• _Data extracts_
= Beginning of Section =

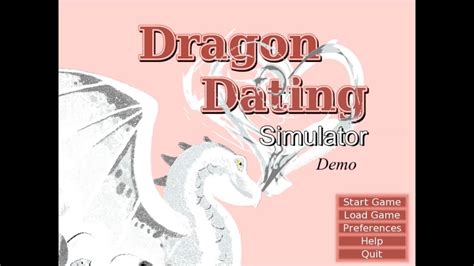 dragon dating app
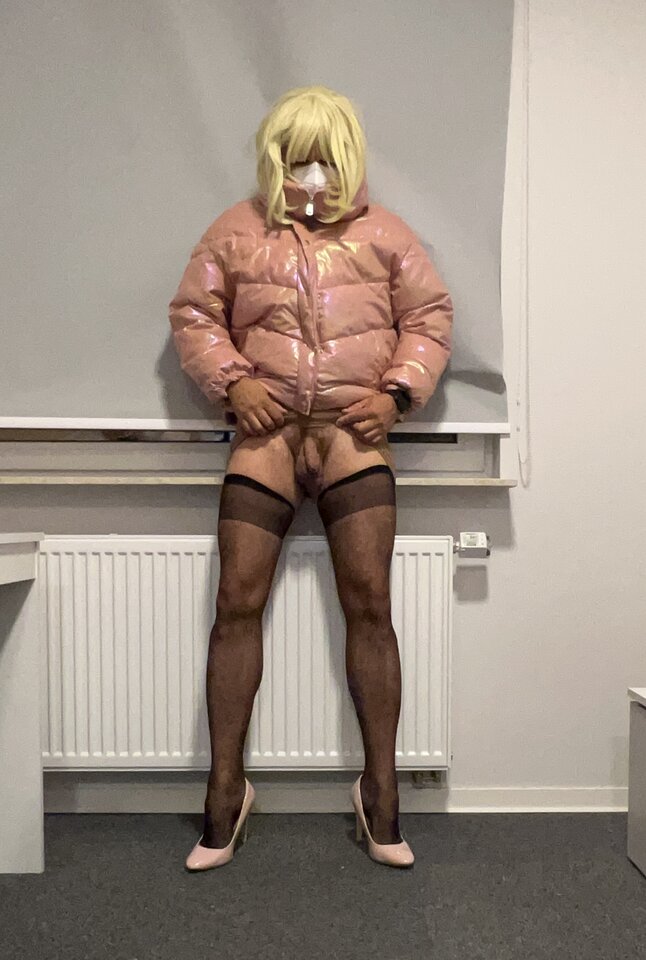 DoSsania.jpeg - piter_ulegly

= End of Section =
= Beginning of Section =

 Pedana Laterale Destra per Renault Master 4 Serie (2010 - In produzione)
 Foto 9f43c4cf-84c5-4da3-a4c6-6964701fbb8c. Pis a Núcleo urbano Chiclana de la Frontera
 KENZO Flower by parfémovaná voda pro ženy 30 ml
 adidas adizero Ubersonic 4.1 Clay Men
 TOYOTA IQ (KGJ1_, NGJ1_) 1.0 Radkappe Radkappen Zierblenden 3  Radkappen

= End of Section =
= Beginning of Section =

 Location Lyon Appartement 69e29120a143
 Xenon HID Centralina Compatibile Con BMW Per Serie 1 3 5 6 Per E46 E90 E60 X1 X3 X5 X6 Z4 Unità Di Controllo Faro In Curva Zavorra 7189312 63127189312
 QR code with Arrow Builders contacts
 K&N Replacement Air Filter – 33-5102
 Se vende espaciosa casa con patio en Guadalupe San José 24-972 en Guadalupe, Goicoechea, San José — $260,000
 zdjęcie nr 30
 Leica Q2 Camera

= End of Section =

• _Brief_
Scan the records above for the lines holding "Se vende espaciosa" and "Leica Q2 Camera". Transcribe those two and every line between them word for word, and no others.

• _Solution for this problem_
 Se vende espaciosa casa con patio en Guadalupe San José 24-972 en Guadalupe, Goicoechea, San José — $260,000
 zdjęcie nr 30
 Leica Q2 Camera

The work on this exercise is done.